### [Your assignment]
Copy without pictures. Please restate each line of the listing exactly.

### [Recorded data]

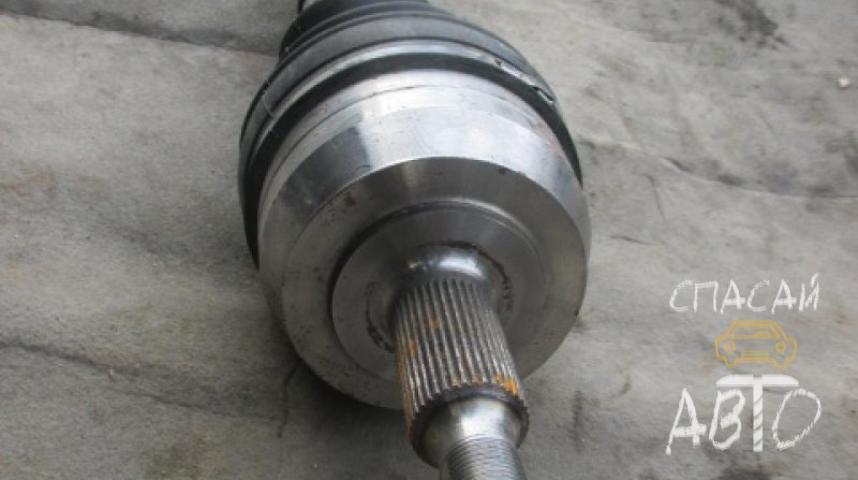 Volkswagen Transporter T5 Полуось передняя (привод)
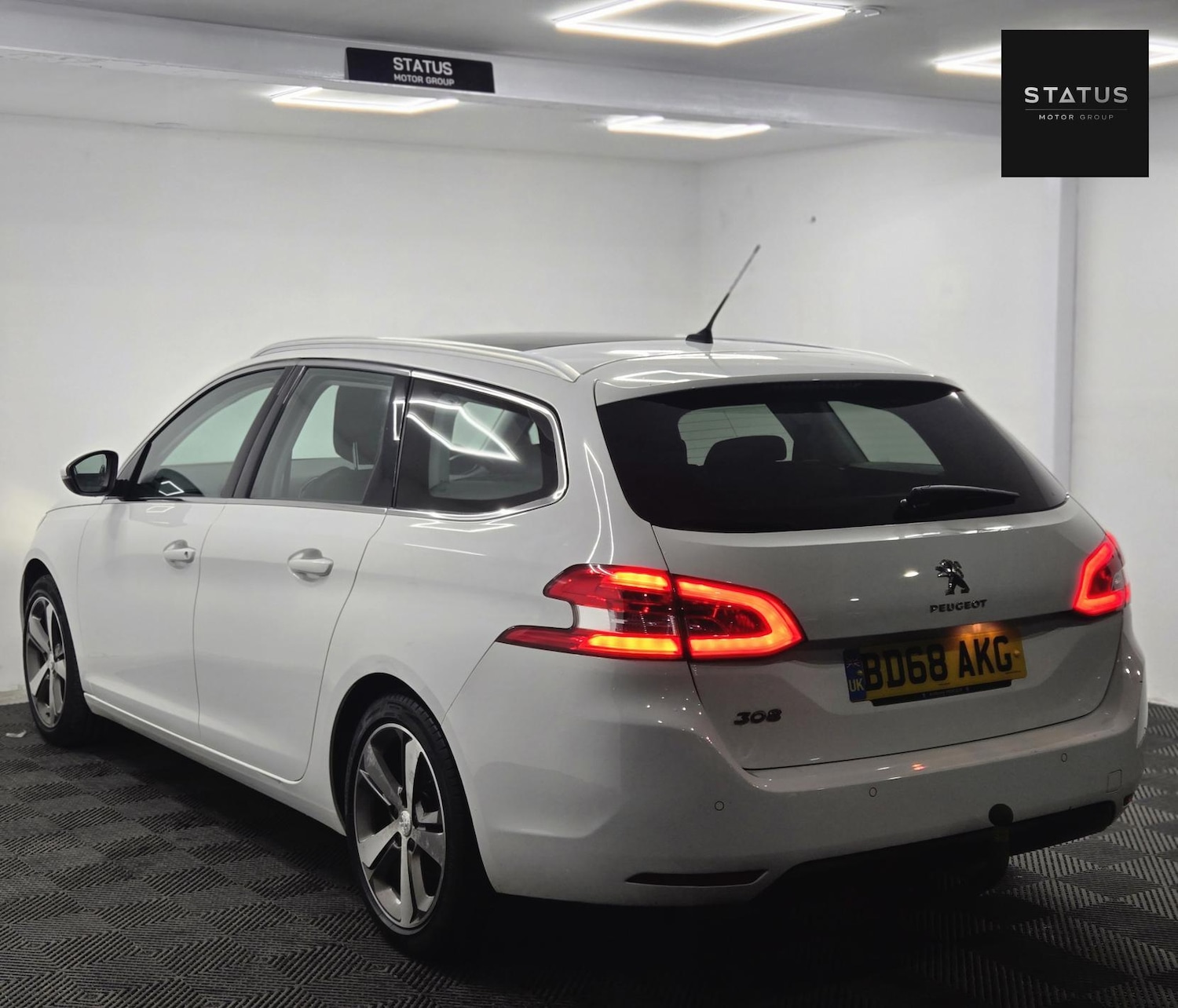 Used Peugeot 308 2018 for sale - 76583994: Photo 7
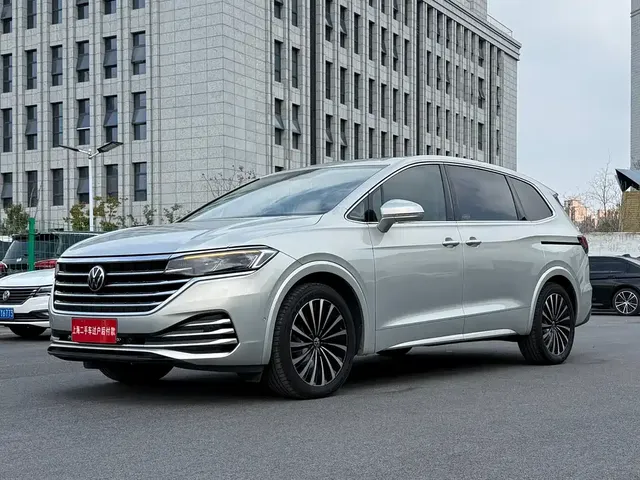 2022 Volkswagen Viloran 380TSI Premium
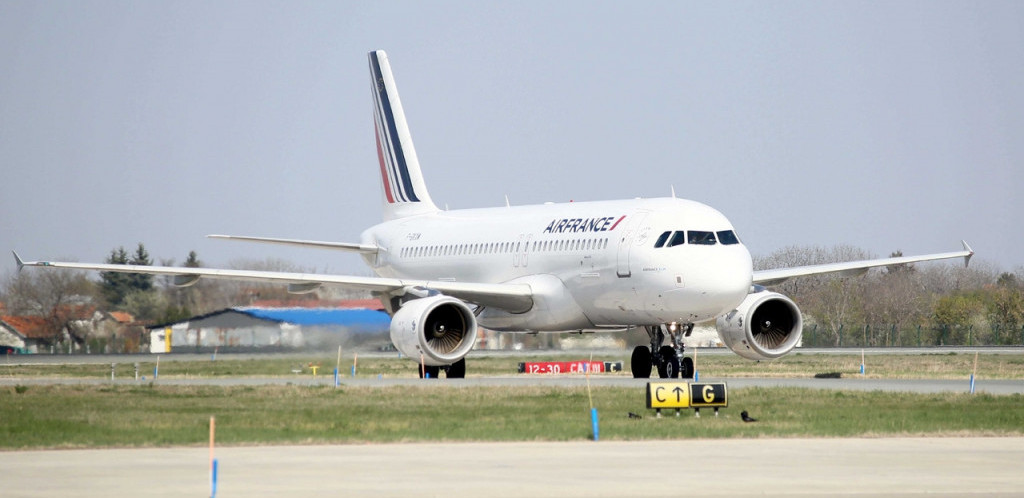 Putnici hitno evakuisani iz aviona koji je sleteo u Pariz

### [Exercise solution]
 Volkswagen Transporter T5 Полуось передняя (привод)
 Used Peugeot 308 2018 for sale - 76583994: Photo 7
 2022 Volkswagen Viloran 380TSI Premium
 Putnici hitno evakuisani iz aviona koji je sleteo u Pariz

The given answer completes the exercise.